粘性が低いと誤嚥しやすいですが、逆に多すぎるとべたつきが増し、送り込みにくくなるので注意が必要です。
デンプン
デンプンの特徴
とろみとして使われるデンプンには、ジャガイモデンプン(片栗粉)、トウモロコシデンプン(コーンスターチ)、サツマイモデンプン、くず粉、米粉、小麦粉などがあげられます。それぞれ特徴があり、把握して使用することが大切です。
デンプンの調理上の注意点
1 デンプンは加熱により糊状にかわります。この状態(糊化デンプン)では、消化吸収がとてもよくなります。しかし糊状になったデンプンをそのまま放置しておくと、もとのデンプンに近い状態に戻ります(老化)。
2 穀類のデンプンは油分と共に調理すると粘度が低下します。脂肪の多いものにとろみをつける場合は、分量を多めにする必要があります。
3 酸と共に加熱すると粘度が低下します。

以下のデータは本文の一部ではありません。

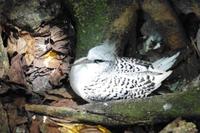 Vogelinsel Cousin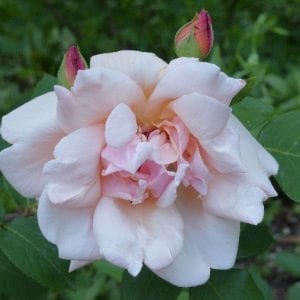 Mrs. Arthur Robert Waddell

酸味の強いものにとろみをつける場合は、まずデンプンと水を一度加熱し、糊状にしたものを加えると粘度の低下を抑えられます。
4 デンプンは糖質に分類され、1g当り4kcalのエネルギーがあります。食事制限をしている方に提供する際には注意しなければなりませんが、とろみをつけるために使用する量では問題になりません。
デンプンの使用例
片栗粉は、きざんだりペーストにした肉や魚介類を固めたり、あんかけやペーストした野菜を固めて型抜きするために使用します。

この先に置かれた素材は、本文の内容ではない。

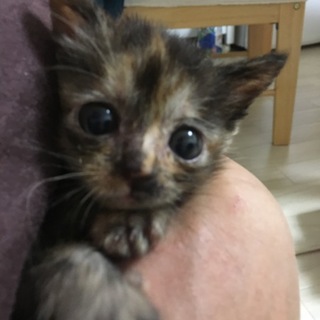 サビ猫♀　美人さん　１か月半くらい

コーンスターチは、洋食メニューの片栗粉にかわるものです。スープやソースにとろみをつけるとき、肉や魚のペーストのつなぎとして、テリーヌなどに利用します。
とろみ調整食品
【第1世代】デンプン系
もったりとしたとろみがつくのが特徴。
【第2世代】デンプン+グアーガム系
第1世代に比べ少量で強いとろみがつく。
唾液の影響を受けにくく、とろみがつく時間も早い。
【第3世代】キサンタンガム系
べたつきが少ないとろみがつくのが特徴。
素材の味や匂い、色を損なわずにとろみが付けられる。